With our lightbulbs communicating with each other, we can get rid of some of our wires, he argues, but it needs to be robust, reliable. And the secret to reliability is a mesh networking, robust networks for local areas. Lighting is a great place for that network to be. That capability already exits in Zigbee (so I think zigbee is what I should be using for Chawton), but its coming soon in Bluetooth. And I think Kevan believes that when it does, Bluetooth will become the VHS of the lighting system wars, and relegate Zigbee to the role of Betamax.

But the really exciting thing is Visible Light Communication, by which the building can communicate with any user with a mobile device that has a front facing camera (and the relevant software installed. He showed us a short video of the technology in Carrefour (mmm the own-brand soft goat cheese is delicious).

The opportunities for museums are obvious but, he warns, to be effectively used, museums will need resource to manage and get insight from all the data these lighting units could produce in resource. Though he says optimisticly to his fellow lighting consultants, “that need could be an opportunity for us!”

Finally we heard from Pavlina Akritas, of Arup, who took the workshop in the direction of civil engineering. Using LA’s Broad Museum as an example, she explained how in this new build, Arup engineered clever (North facing) light-wells which illuminated the museum with daylight, while ensuring that no direct Los Angeles sun fell directly onto any surface within the galleries.
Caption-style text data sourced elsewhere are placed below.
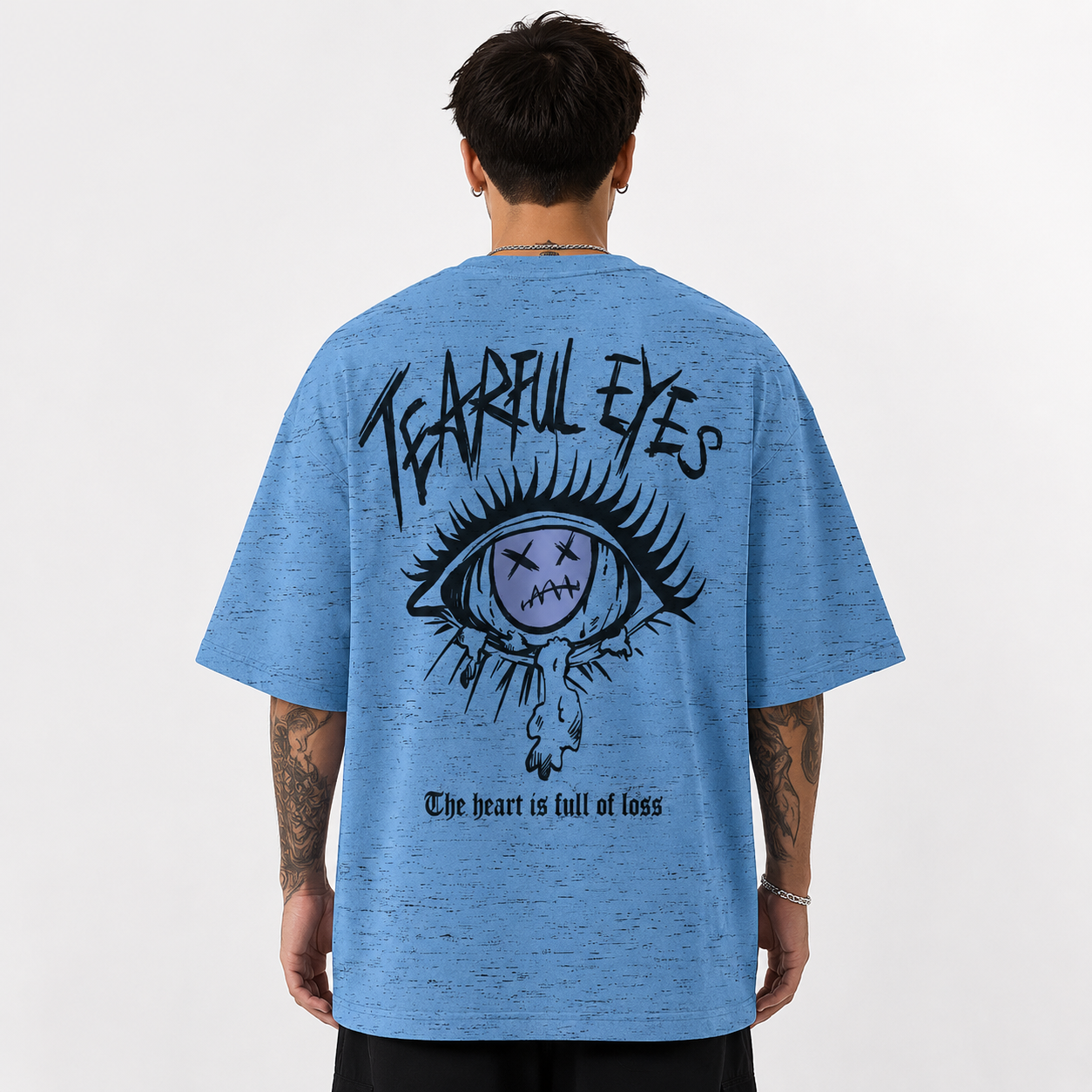 Tearful Eyes Oversized T-Shirt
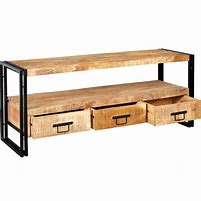 Image result for Tall TV Stand Industrial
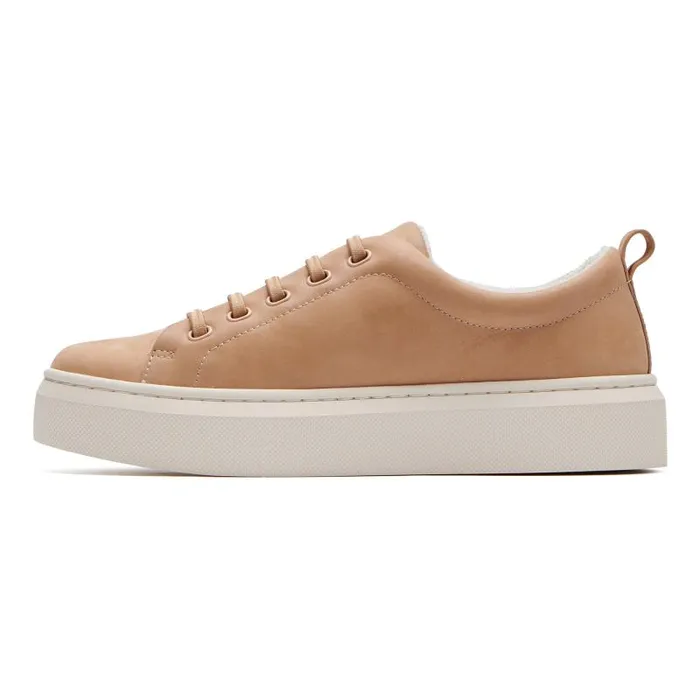 ABEO Jumpstreet Bungee Metatarsal Beige Womens Abeo Sneakers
The light-wells included blackout blinds to limit overall light hours and photocells to measure the amountof light coming in and if neccessary, automatically supplement the light with LEDs. She also talked briefly about a project to simulate skylight for the Gagosian gallery, Grosvenor Hill.
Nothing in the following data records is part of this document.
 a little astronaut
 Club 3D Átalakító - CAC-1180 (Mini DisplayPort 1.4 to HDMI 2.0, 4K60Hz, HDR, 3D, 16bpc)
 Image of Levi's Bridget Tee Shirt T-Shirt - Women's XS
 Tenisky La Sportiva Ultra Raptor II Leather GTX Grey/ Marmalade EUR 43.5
All in all, it was a fascinating day.

This post is one of two, the first is here.

Shine On: New Perspectives on Museum Lighting

Yesterday I attended a workshop organised by the museums association and hosted by Stephen Cannon-Brookes, of UCL Bartlett School of Architecture and lighting consultant. I was there for work, but found it useful for my studies too.

To be honest, it wasn’t all about “New Perspectives” as such, it covered a lot of the the established ground too. But for a non expert like me, that was incredibly useful. It was also an opportunity to showcase the Society for Light and Lighting (SLL)’s Lighting Guide 8: Lighting for Museums and Art Galleries, though at £80 (£72 for the PDF) I won’t be rushing out to buy it. More of an institutional purchase I think. The first speaker, Paul Ruffles, talked us through that guide.

Beautiful objects in beautiful buildings deserve beautiful lighting.

It covers lighting principles, and stuff like visual adaptation, contrast ratio, colour appearance, colour rendering, glare, lighting the interior or display area, day light, electric lighting, access and security and emergency lighting (he explained that one unnamed city museum experienced a spike in consumption they couldn’t explain until they worked out  a security guard afraid of the dark was turning all the lights on at night). The book its just for white box galleries, it also talks about historic interiors; temporary galleries; events and corporate entertaining; the shop and of course the cafe.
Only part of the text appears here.